= Beginning of Section =

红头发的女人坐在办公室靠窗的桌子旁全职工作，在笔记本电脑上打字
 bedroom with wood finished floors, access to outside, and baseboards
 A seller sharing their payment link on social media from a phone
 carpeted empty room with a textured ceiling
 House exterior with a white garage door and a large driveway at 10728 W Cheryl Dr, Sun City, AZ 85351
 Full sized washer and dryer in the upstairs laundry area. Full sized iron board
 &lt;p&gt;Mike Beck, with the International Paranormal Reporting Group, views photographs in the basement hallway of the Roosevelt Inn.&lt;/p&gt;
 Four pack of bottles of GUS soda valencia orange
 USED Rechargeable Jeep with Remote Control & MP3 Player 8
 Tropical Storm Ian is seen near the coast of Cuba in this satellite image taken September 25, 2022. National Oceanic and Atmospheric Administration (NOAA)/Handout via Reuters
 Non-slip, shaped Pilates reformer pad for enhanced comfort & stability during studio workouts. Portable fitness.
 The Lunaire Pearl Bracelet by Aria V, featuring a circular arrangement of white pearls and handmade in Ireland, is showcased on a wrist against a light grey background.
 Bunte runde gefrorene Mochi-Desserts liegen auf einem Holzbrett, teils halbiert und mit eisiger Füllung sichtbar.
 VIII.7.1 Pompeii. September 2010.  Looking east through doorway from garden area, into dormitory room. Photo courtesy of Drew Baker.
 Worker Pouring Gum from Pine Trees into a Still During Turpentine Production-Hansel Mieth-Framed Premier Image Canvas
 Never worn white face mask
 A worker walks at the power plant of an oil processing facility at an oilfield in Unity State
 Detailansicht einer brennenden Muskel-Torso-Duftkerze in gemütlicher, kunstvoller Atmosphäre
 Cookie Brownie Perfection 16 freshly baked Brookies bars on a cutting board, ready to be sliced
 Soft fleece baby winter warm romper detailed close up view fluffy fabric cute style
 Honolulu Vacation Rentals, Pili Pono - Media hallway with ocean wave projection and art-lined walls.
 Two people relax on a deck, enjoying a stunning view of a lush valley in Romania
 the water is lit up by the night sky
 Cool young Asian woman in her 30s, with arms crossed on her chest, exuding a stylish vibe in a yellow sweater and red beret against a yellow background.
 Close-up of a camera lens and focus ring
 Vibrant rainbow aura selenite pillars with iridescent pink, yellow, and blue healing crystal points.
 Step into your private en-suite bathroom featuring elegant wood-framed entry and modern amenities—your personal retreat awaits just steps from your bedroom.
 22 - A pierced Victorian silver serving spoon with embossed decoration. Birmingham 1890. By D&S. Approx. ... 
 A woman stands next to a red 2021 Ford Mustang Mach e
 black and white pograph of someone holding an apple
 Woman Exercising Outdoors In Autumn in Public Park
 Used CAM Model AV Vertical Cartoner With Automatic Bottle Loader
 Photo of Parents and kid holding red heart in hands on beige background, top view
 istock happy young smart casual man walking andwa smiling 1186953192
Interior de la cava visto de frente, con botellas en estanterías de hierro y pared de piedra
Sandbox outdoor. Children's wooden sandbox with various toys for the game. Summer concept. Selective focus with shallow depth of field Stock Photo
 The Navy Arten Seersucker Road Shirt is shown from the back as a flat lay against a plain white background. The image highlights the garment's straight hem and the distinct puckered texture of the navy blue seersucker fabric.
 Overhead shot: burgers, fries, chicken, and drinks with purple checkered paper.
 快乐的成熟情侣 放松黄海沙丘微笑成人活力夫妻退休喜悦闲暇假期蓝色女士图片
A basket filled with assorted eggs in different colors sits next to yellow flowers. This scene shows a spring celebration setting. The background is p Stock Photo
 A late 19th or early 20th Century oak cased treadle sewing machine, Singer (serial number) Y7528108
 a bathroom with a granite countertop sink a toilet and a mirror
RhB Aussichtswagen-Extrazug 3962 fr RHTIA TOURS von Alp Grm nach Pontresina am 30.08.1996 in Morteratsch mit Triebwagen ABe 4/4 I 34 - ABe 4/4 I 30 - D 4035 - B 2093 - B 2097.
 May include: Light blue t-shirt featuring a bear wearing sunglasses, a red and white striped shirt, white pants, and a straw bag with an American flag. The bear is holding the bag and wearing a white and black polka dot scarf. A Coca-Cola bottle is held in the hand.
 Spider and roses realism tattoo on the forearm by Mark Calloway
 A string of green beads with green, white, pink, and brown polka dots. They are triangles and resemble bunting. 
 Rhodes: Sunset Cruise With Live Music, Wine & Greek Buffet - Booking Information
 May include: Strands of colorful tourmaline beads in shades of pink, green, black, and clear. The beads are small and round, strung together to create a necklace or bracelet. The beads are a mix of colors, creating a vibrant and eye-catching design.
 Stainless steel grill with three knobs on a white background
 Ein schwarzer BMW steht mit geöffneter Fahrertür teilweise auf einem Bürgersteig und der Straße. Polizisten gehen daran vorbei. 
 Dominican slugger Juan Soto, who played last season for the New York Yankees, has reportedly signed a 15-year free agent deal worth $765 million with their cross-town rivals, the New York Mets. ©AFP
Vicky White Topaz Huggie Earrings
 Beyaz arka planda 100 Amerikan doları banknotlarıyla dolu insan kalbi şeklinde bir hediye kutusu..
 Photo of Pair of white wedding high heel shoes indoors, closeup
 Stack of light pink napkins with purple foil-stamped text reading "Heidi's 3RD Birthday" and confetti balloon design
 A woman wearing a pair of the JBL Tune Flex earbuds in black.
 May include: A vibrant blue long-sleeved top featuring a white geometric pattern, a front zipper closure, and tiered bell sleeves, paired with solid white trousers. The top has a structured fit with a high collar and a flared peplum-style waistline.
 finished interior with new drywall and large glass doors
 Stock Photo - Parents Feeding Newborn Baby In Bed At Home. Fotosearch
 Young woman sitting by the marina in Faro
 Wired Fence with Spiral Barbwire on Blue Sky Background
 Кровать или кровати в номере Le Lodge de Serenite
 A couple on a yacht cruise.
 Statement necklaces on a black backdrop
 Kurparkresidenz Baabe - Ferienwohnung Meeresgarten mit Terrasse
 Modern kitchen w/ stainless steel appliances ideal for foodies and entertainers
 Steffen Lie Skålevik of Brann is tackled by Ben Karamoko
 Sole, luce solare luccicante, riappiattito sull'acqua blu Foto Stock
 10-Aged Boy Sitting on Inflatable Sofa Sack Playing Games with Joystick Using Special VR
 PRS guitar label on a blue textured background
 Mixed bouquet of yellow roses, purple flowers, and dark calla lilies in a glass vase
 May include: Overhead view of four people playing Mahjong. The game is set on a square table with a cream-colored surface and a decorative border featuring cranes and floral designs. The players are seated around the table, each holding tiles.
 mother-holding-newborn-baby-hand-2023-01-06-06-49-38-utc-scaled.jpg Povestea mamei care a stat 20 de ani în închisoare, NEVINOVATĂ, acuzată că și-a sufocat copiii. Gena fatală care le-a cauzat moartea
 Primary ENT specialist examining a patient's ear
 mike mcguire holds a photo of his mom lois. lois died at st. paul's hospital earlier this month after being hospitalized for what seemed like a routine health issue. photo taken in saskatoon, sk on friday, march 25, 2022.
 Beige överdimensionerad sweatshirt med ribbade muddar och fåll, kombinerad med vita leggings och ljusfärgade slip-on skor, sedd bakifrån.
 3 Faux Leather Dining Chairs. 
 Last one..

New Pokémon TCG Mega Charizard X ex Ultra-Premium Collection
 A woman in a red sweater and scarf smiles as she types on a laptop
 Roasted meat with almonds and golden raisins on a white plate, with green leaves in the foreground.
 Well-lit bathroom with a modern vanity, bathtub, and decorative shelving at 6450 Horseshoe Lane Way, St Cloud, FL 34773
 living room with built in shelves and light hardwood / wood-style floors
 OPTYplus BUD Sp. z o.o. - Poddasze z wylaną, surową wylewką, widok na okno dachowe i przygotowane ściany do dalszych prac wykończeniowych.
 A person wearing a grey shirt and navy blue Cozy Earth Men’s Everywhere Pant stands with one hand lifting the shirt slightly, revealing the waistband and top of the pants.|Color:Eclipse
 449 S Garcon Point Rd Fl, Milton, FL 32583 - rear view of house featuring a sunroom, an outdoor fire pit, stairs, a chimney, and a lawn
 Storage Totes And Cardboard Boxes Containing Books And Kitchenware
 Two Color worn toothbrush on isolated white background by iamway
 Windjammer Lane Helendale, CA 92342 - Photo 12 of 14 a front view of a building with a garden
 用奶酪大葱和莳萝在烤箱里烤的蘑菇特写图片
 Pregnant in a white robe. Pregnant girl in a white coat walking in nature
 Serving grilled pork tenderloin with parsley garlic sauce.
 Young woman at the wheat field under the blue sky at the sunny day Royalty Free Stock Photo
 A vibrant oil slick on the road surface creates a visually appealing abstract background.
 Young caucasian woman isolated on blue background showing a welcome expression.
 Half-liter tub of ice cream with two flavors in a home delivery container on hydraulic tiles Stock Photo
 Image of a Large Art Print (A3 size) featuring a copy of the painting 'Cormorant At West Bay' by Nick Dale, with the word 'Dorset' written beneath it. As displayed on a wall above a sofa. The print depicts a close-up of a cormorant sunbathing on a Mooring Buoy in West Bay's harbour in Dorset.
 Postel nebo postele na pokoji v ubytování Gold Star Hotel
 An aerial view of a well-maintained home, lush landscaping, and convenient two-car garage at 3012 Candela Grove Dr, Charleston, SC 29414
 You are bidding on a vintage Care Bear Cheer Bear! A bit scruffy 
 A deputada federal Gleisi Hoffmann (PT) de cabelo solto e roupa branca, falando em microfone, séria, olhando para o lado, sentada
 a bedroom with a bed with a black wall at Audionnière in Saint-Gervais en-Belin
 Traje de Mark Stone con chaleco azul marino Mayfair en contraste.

= End of Section =

Copy each line of the entries in which the string "einem" is found.

* _EXPECTED ANSWER_
 Bunte runde gefrorene Mochi-Desserts liegen auf einem Holzbrett, teils halbiert und mit eisiger Füllung sichtbar.
 Ein schwarzer BMW steht mit geöffneter Fahrertür teilweise auf einem Bürgersteig und der Straße. Polizisten gehen daran vorbei. 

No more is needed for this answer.